Antes de ser realizar a fotometria, que é o processo de medição da quantidade de luz
que recebemos de um objeto, é necessário realizar um processo chamado redução de
dados. Ao ser realizada uma medição astravés de um telescópio, existem 3 principais
correções que devem ser aplicadas à observação, são elas: bias, dark e flat, essas
correções são chamadas de redução de dados. O bias diz respeito ao sinal ruído gerado
pela Charged-coupled device (CCD) que é a parte do telescópio responsável para a
captura de imagens.
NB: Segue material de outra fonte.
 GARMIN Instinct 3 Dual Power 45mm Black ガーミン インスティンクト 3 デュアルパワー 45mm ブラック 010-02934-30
O dark é a correção responsável pelo fator temperatura, uma vez
que ela está diretamente relacionada com a velocidade das partículas, então quanto
maior ela for mais instável vão ser os fótons que estão chegando na CCD. E por último,
mas não menos importante, o flat que é responsável pela uniformidade dos fótons que
ocupam os pixels da CCD.
Para a realização deste trabalho, foi utilizado o software Image Reduction and Analysis
Facility (IRAF). Ele reúne diversos pacotes essênciais para o processo de redução de
dados e teve seu desenvolvimento iniciado em meados de 1982 por Doug Tody no
National Optical Astronomy Observatories, em Tucson, Ariona. Mais tarde, em 1982,
Doug e Peter Shames o fundiram com o Science Data Analysis System (SDAS), e assim
resultou o atual IRAF e o STSDAS, ambos compatíveis um com o outro. Sendo o IRAF
totalmente gratuito e disponível para o sistema operacional Linux.